[Opening Supplied material section]

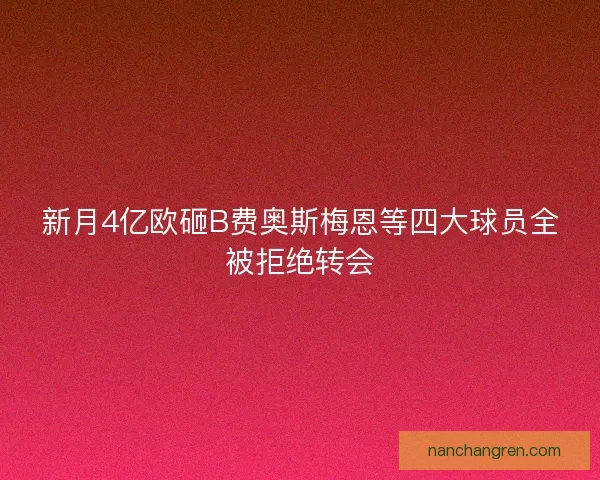 新月4亿欧砸B费奥斯梅恩等四大球员全被拒绝转会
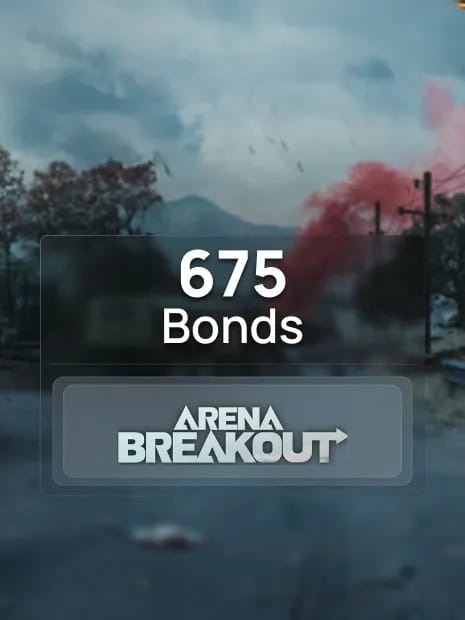 675 Bonds Arena Breakout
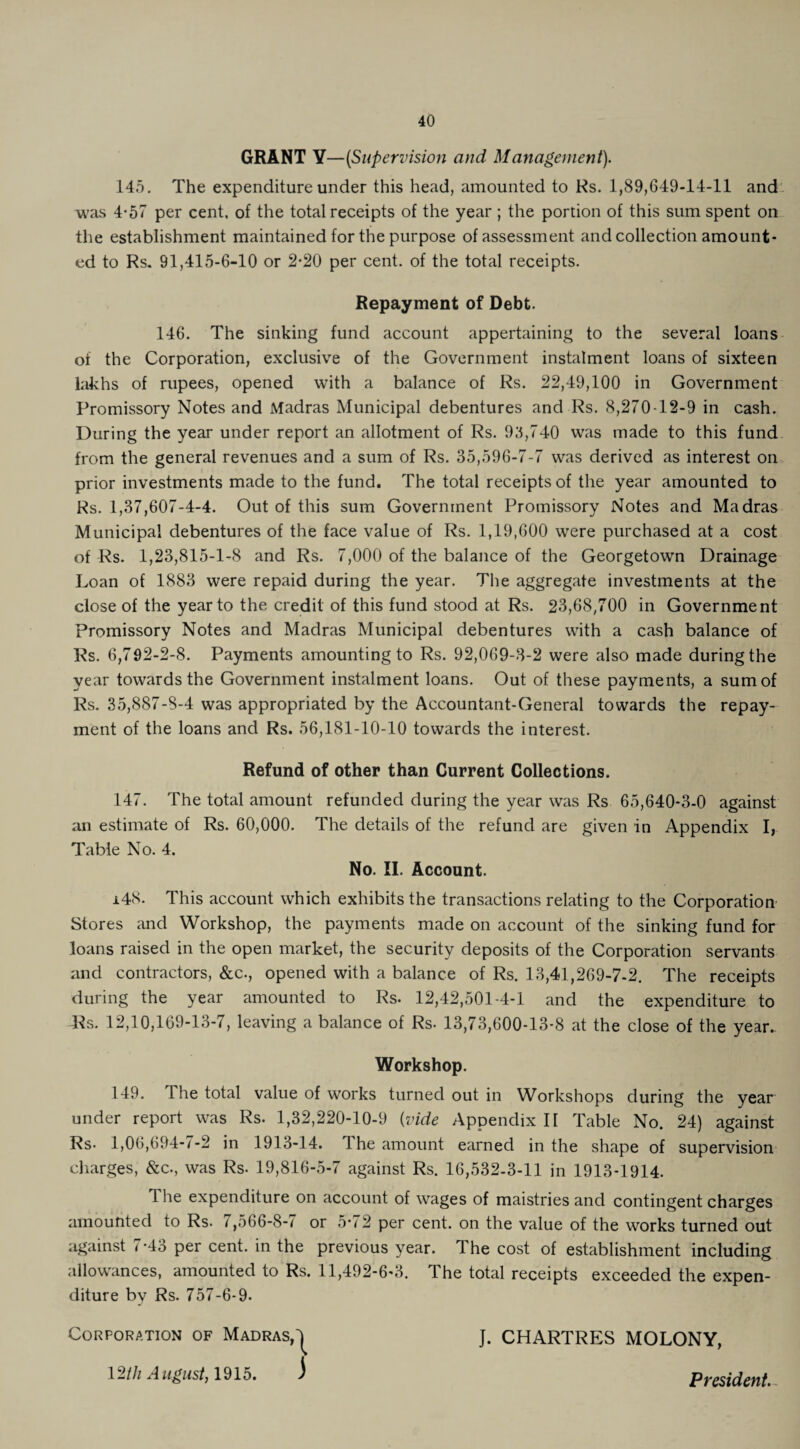 GRANT Y—(Supervision and Management). 145. The expenditure under this head, amounted to Rs. 1,89,649-14-11 and was 4*57 per cent, of the total receipts of the year ; the portion of this sum spent on the establishment maintained for the purpose of assessment and collection amount¬ ed to Rs. 91,415-6-10 or 2-20 per cent, of the total receipts. Repayment of Debt. 146. The sinking fund account appertaining to the several loans of the Corporation, exclusive of the Government instalment loans of sixteen lakhs of rupees, opened with a balance of Rs. 22,49,100 in Government Promissory Notes and Madras Municipal debentures and Rs. 8,270-12-9 in cash. During the year under report an allotment of Rs. 95,740 was made to this fund from the general revenues and a sum of Rs. 35,596-7-7 was derived as interest on prior investments made to the fund. The total receipts of the year amounted to Rs. 1,37,607-4-4. Out of this sum Government Promissory Notes and Madras Municipal debentures of the face value of Rs. 1,19,600 were purchased at a cost of Rs. 1,23,815-1-8 and Rs. 7,000 of the balance of the Georgetown Drainage Loan of 1883 were repaid during the year. The aggregate investments at the close of the year to the credit of this fund stood at Rs. 23,68,700 in Government promissory Notes and Madras Municipal debentures with a cash balance of Rs. 6,792-2-8. Payments amounting to Rs. 92,069-3-2 were also made during the year towards the Government instalment loans. Out of these payments, a sum of Rs. 35,887-8-4 was appropriated by the Accountant-General towards the repay¬ ment of the loans and Rs. 56,181-10-10 towards the interest. Refund of other than Current Collections. 147. The total amount refunded during the year was Rs 65,640-3-0 against an estimate of Rs. 60,000. The details of the refund are given in Appendix I, Table No. 4. No. II. Account. 148. This account which exhibits the transactions relating to the Corporation Stores and Workshop, the payments made on account of the sinking fund for loans raised in the open market, the security deposits of the Corporation servants and contractors, &c., opened with a balance of Rs. 13,41,269-7-2. The receipts during the year amounted to Rs. 12,42,501-4-1 and the expenditure to Rs. 12,10,169-13-7, leaving a balance of Rs. 13,73,600-13*8 at the close of the year.. Workshop. 149. The total value of works turned out in Workshops during the year under report was Rs. 1,32,220-10-9 (vide Appendix II Table No. 24) against Rs- 1,06,694-7-2 in 1913-14. 1 he amount earned in the shape of supervision charges, &c., was Rs. 19,816-5-7 against Rs. 16,532-3-11 in 1913-1914. 1 he expenditure on account of wages of maistries and contingent charges amounted to Rs. i ,566-8-7 or 5'72 per cent, on the value of the works turned out against 7*43 per cent, in the previous year. The cost of establishment including allowances, amounted to Rs. 11,492-6-3. The total receipts exceeded the expen¬ diture bv Rs. 757-6-9. Corporation of Madras,^ J. CHARTRES MOLONY, 12th August, 1915. ) President.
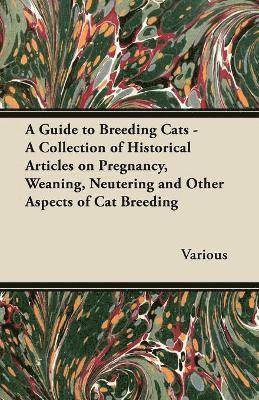 A Guide to Breeding Cats - A Collection of Historical Articles on Pregnancy, Weaning, Neutering and Other Aspects of Cat Breeding 1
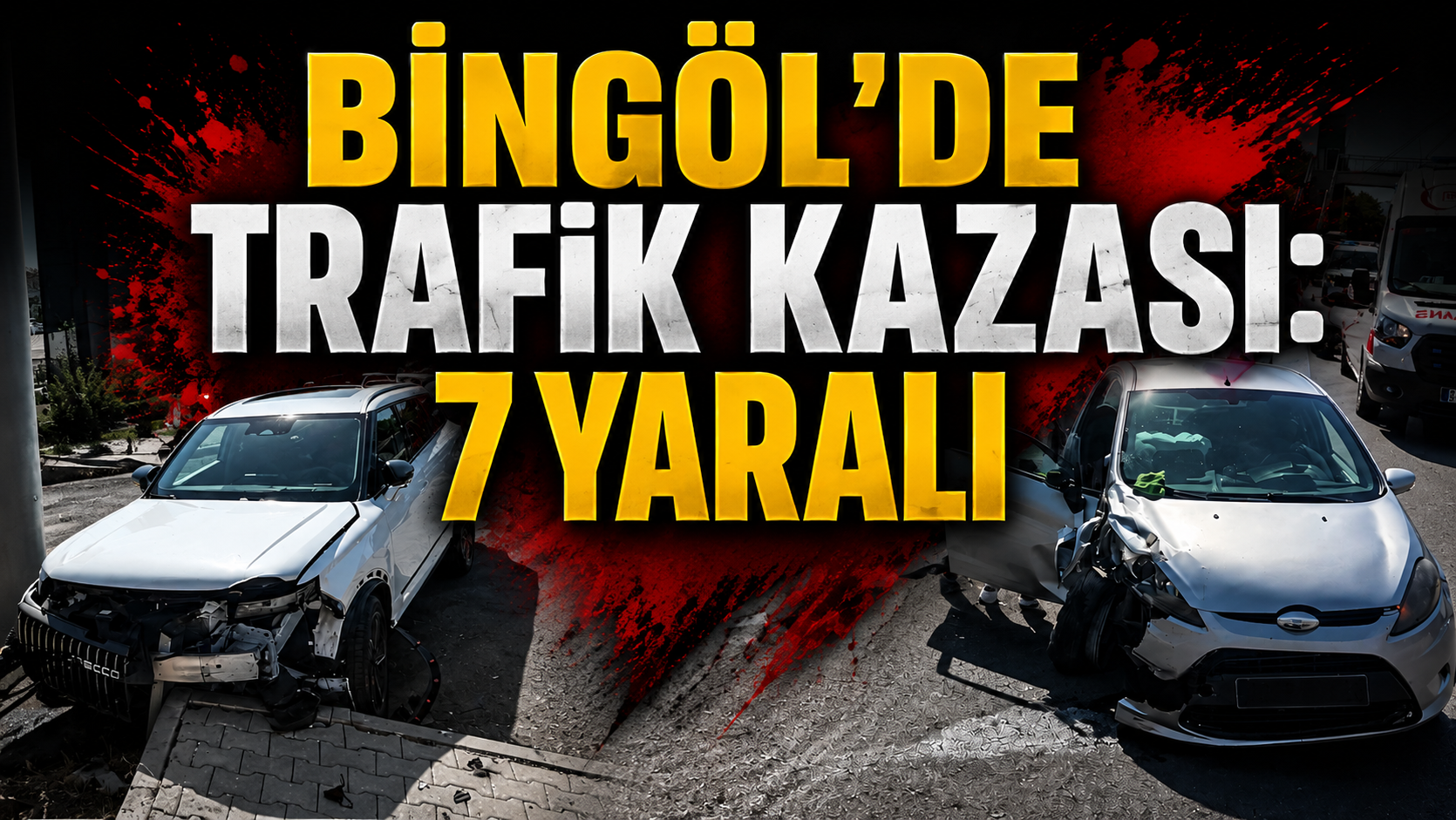 Bingöl’de trafik kazası: 7 yaralı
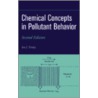 Chemical Concepts In Pollutant Behavior door Ian James Tinsley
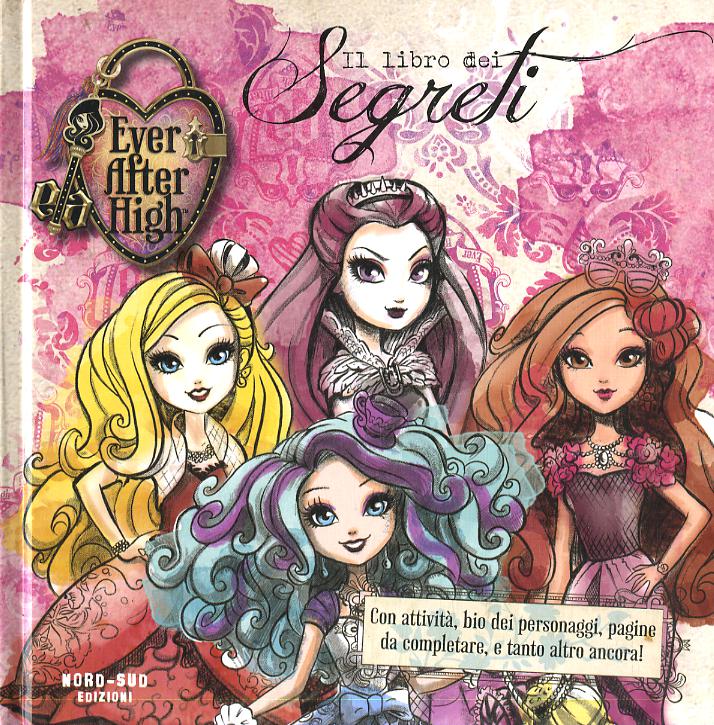 Libro dei segreti. Ever After High. Ediz. illustrata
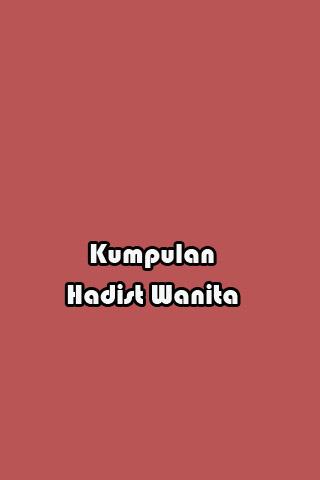 Kumpulan Hadist Wanita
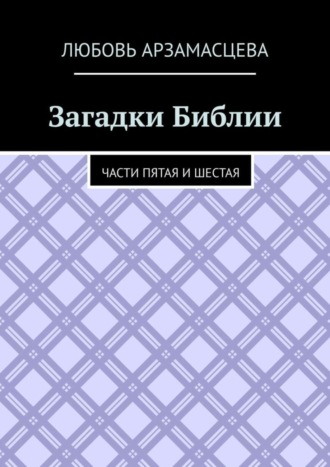 Загадки Библии. Части пятая и шестая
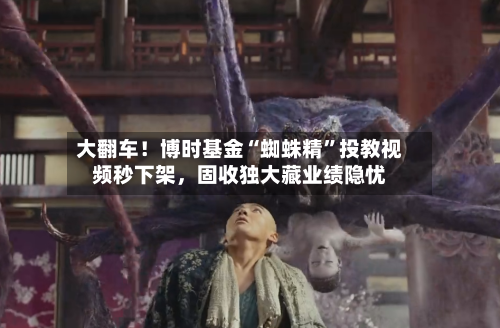 大翻车！博时基金“蜘蛛精”投教视频秒下架，固收独大藏业绩隐忧-第2张图片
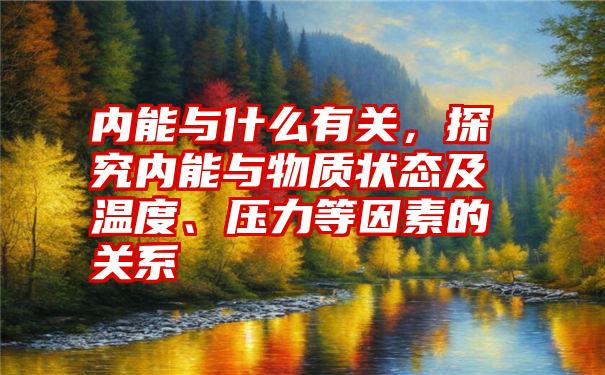 内能与什么有关，探究内能与物质状态及温度、压力等因素的关系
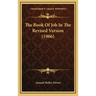 The Book Of Job In The Revised Version (1906)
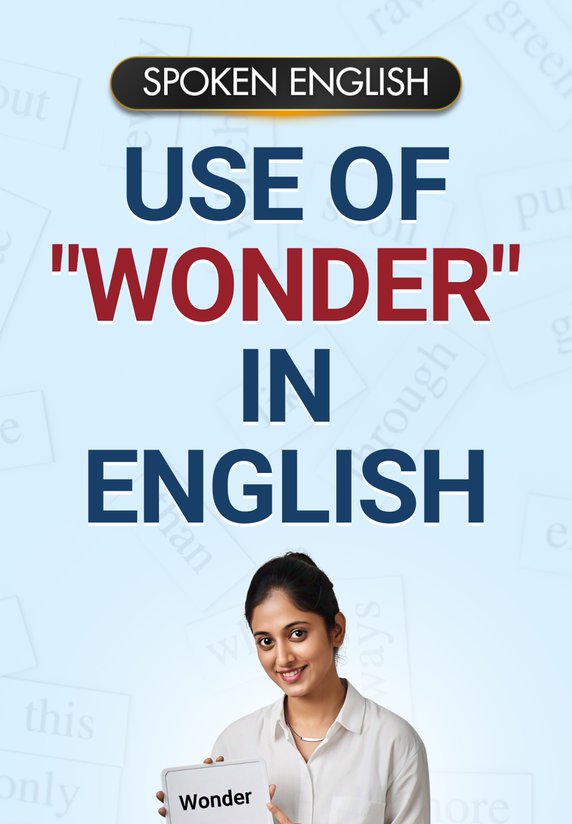 Use Of "Wonder" In English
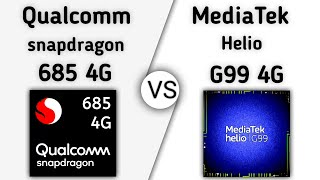 Snapdragon 685 vs Helio G99 – whats a better for lowend Gaming  TechToBD [upl. by Horst]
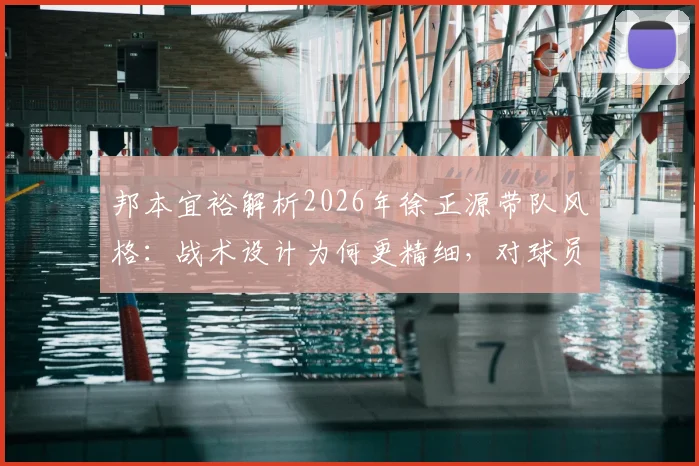 邦本宜裕解析2026年徐正源带队风格:战术设计为何更精细,对球员严厉批评的背后逻辑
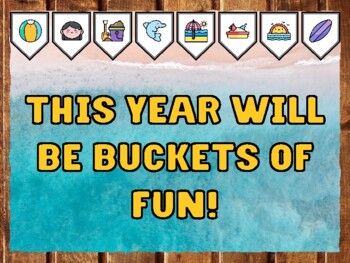 THIS YEAR WILL BE BUCKETS OF FUN! Beach Bulletin Board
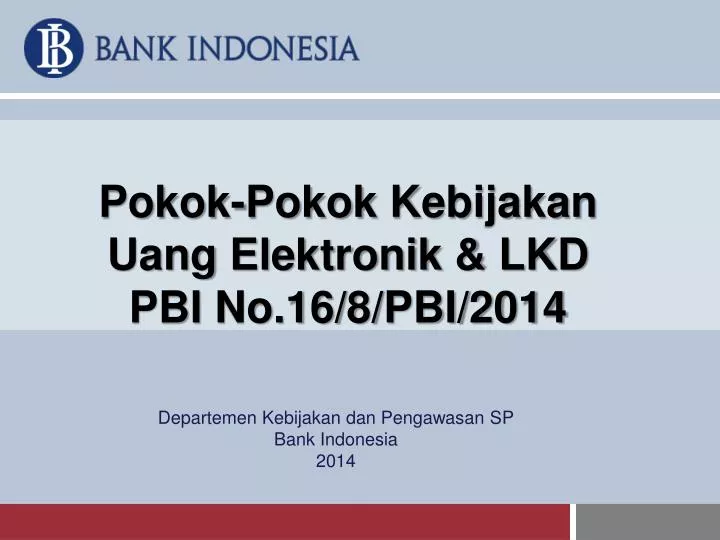 pokok pokok kebijakan uang elektronik lkd pbi no 16 8 pbi 2014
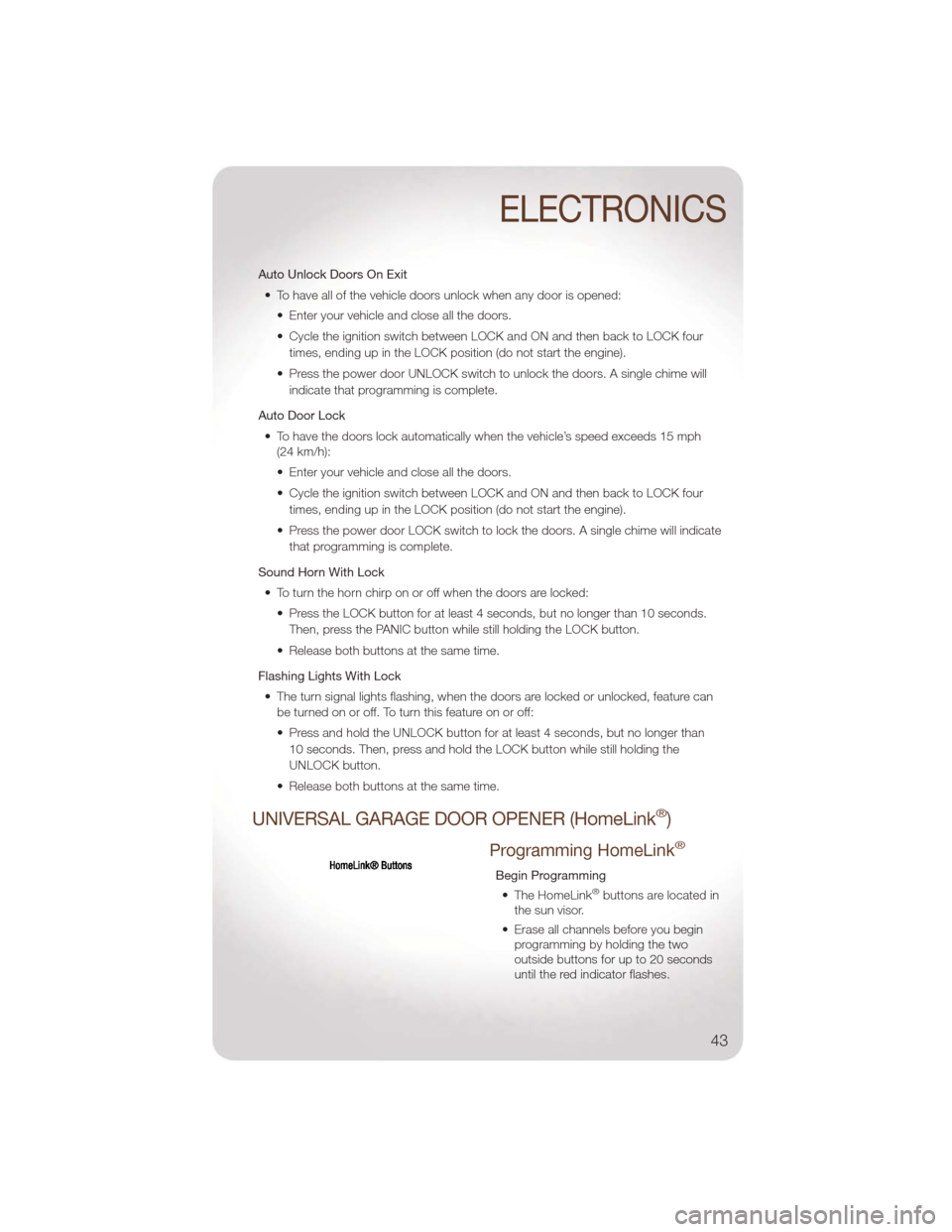JEEP LIBERTY 2011 KK / 2.G Service Manual Auto Unlock Doors On Exit• To have all of the vehicle doors unlock when any door is opened: • Enter your vehicle and close all the doors.
• Cycle the ignition switch between LOCK and ON and then JEEP LIBERTY 2011 KK / 2.G Service Manual Auto Unlock Doors On Exit• To have all of the vehicle doors unlock when any door is opened: • Enter your vehicle and close all the doors.
• Cycle the ignition switch between LOCK and ON and then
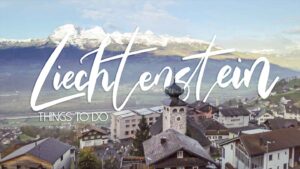 View from Triesenberg looking down toward Vaduz - Top things to do in Liechtenstein - Featured Image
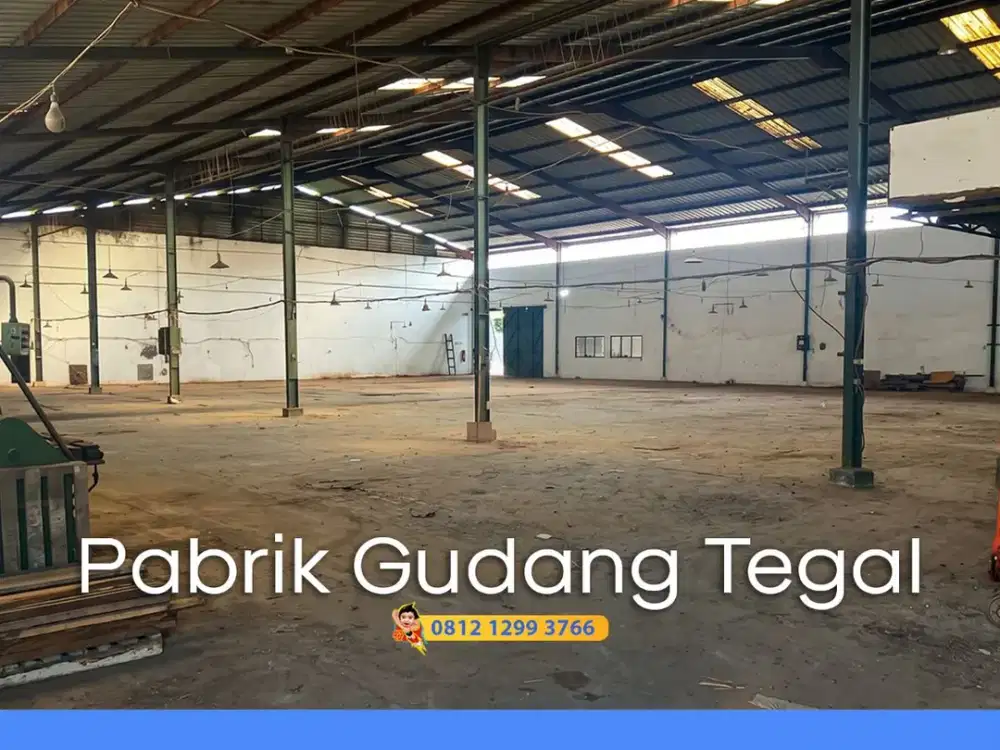 Jual Cepat! Pabrik n Gudang di Tegal Jawa Tengah Batang Kendal Canti Terboyo jatengland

[Closing Supplied material section]

Those lines of the records above that run from the one containing "内能与什么有关，探究内能与物质状态及温度、压力等因素的关系" through the one containing "pokok pokok kebijakan" should be returned exactly, with no pictures among them.

**Your response:**
 内能与什么有关，探究内能与物质状态及温度、压力等因素的关系
 The Book Of Job In The Revised Version (1906)
 Use Of "Wonder" In English
 Snapdragon 685 vs Helio G99 – whats a better for lowend Gaming  TechToBD [upl. by Horst]
 邦本宜裕解析2026年徐正源带队风格:战术设计为何更精细,对球员严厉批评的背后逻辑
 THIS YEAR WILL BE BUCKETS OF FUN! Beach Bulletin Board
 pokok pokok kebijakan uang elektronik lkd pbi no 16 8 pbi 2014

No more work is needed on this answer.